The FTC was the nation’s second independent executive agency (after the Interstate Commerce Commission) and those are designed to have members of both parties.
The commission’s initial powers were limited partly because President Woodrow Wilson, who proposed creation of the agency, was fearful of empowering a “smug lot of experts.”
But there were many fights among commissioners about how to use those powers.
During the first year of the Trump administration, there were only two FTC commissioners, acting Chair Maureen Ohlhausen and Democratic member Terrell McSweeney. The two clashed on several big cases, but they never let their disagreements get personal.
“We don’t agree all the time, but … you can’t look at all that we have accomplished as a two-person commission and see anything other than two people compromising, getting along and behaving in a mutually respectful way,” McSweeny told FTCWatch in 2018.
In July 2017, there were three separate comments that Ohlhausen, McSweeny and the FTC staff filed with the Federal Communications Commission on the FCC’s net neutrality process, called “Restoring Internet Freedom.”
Unless Congress gives the FTC stronger privacy enforcement tools than it has now, “consumers would be left worse off if the proposal before the FCC were adopted,” McSweeny argued in her filing.
Ohlhausen, however, said it was a “negative side effect” that the FCC’s 2015 order, by classifying consumer broadband as a Communications Act Title II “common carrier” service, removed the FTC from privacy and data security enforcement. That move created “a consumer protection gap that remains unfilled,” she said.
Ohlhausen and McSweeny were also on opposite sides on the FTC’s litigation against Internet of Things device maker D-Link. An agency lawsuit alleged that D-Link deceived consumers with false promises about the security of its products. Unlike previous IoT cases, the FTC didn’t allege a data security breach had occurred, but that D-Link’s lax security put consumers at risk of future harm. Ohlhausen voted against suing D-Link, but was overruled during the last days of the Obama administration.

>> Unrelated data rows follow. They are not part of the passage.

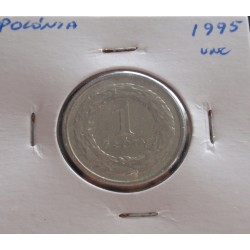 Polónia - 1 Zloty - 1995 - Unc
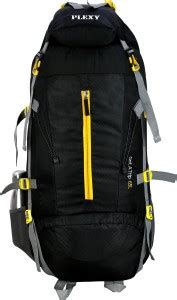 PLEXY .Trekking & Travel Rucksack Bag With Water Resistant & Shoe ...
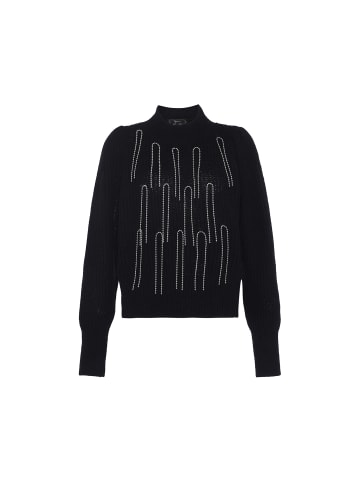 faina Damen Sweater in SCHWARZ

In another high-profile dispute, McSweeny refused to back a proposed settlement in the FTC’s litigation against DirectTV that Ohlhausen favored. The FTC alleged that more than 40,000 advertisements by the company deceived consumers and sought nearly $4 billion in restitution.
McSweeny prompted the case to go to trial when she wrote US District Judge Haywood S. Gilliam Jr. in April 2017 that the settlement money proposed by DirecTV was “insufficient” and “not meaningful” given the large settlement class, and that she had “serious reservations” about whether the proposed injunctive relief would sufficiently protect consumers.
The FTC lost the case at trial and Gilliam ruled the agency had “definitively failed to prove its” Section 5 claims for ads that were in print or on television.
Some of the biggest fights at the FTC came during the presidency of Jimmy Carter.
During the chairmanship of Michael Pertschuk from 1977 to 1981, the FTC went after industries with strong congressional support, such as funeral homes and auto dealers, and he found himself being lambasted across the political divide. The Washington Post famously wrote that the agency’s overreach meant it was in danger of becoming a “national nanny.”
While the Republicans on the commission opposed some of these initiatives, so did some Democrats.
Robert Pitofsky, a former senior staff member who previously wrote an American Bar Association report that led to an agency overhaul in the early 1970s, was named a commissioner by Carter in 1978. He left after three years because he clashed with Pertschuk, whose activist agenda Pitofsky felt was straining resources and alienating key business interests.
Pertschuk had been a staff director of the Senate Commerce Committee before becoming FTC chairman.
The agency’s initiatives angered members of Congress in both parties. Twice in 1980 lawmakers let the agency’s funding lapse, and its doors closed for two days. The Senate also came within two votes of passing legislation to eliminate the FTC’s authority over state-regulated professions.